Mexican Food is one of our favorites when we eat out. I make it at home, but not often enough. Enchiladas, Tacos, [working up to tamales] but nothing fancy. This month Rick Bayless was our Avatar Chef – an idea of Nancy’s to do a different chef each month for our Twitter Avatars – for August. I wanted something quick and easy. And I found it.

Cheese and Mushroom Quesadillas: Quesadillas de Queso y Hongos


    * 2 tablespoons olive oil (preferably extra-virgin) or rich-tasting pork lard, plus a little more for the tortillas
    * 1 pound button mushrooms (or other flavorful mushrooms, such as shiitake, oyster, cremim, or chanterelles), cleaned and sliced 1/4-in-8h thick (about 4 cups)
    * 2 to 3 serranos or 1 to 2 jalapenos, stemmed, seeded and thinly sliced
    * 2 tablespoons chopped fresh epazote leaves or 1/4 cup chopped fresh cilantro leaves
    * Salt
    * 8 (6-inch) fresh corn tortillas (or flour tortillas if good corn tortillas are not available)
    * 8 ounces Mexican melting cheese (quesillo, asader, or the like) or Monterey Jack or mild Cheddar, shredded (about 2 cups)
    * About 1 cup salsa, store bought or home made

The mushroom filling:
In a medium skillet, heat the 2 tablespoons oil or lard over medium heat. Add the mushrooms, chiles, and epazote (if you’re using cilantro, set it aside to add later), stir well, and cover. Continue to stir every minute or so, replacing the cover each time, until the mushrooms have released a lot of juice, 4 to 5 minutes. Uncover, and let briskly simmer until all the liquid has evaporated, about 3 minutes. Taste and season with salt, usually about 1/4 teaspoon. Add the cilantro now, if that’s what you’re using.
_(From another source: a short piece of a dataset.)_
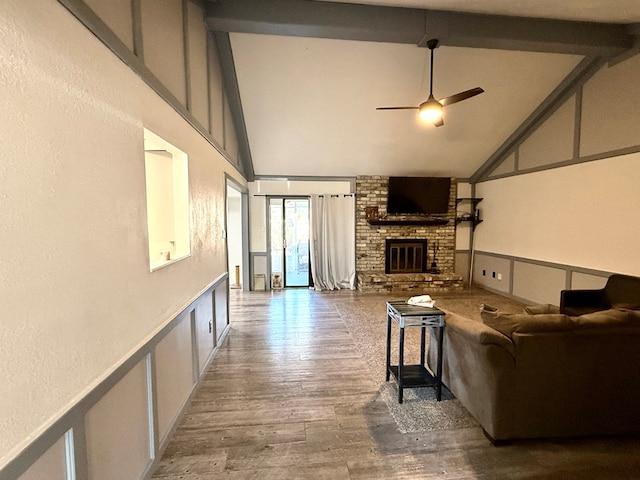 2204 Regal Pl, Midland, TX 79707 - living area featuring a fireplace, high vaulted ceiling, beamed ceiling, a ceiling fan, and wood finished floors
Forming and griddle-baking the quesadillas:
Heat a well-seasoned or nonstick griddle or heavy skillet over medium heat. Turn the oven on to its lowest setting. One by one, make the quesadillas: Lightly brush 1 side of each tortilla with oil, then lay it oiled side down on the hot griddle. Spread with about 1/4 cup of the cheese, leaving a 1/2-inch border all around. Spoon about 3 tablespoons of the mushroom mixture down the center of the cheese-covered tortilla. When the cheese begins to melt (but before the tortilla begins to crisp), fold the tortilla in half along the line of the filling. Cook, flipping the quesadilla every minute or so, until the cheese is completely melted and the tortilla crisps, about 5 minutes in all. As each quesadilla is done, transfer it to a baking sheet and keep in a warm oven.>{Recipe courtesy Rick Bayless; From Mexico: One Plate at a Time, Scribner 2000.}

These were so easy and so good. I did leave out the out peppers. I like spicy, but a fan of hot.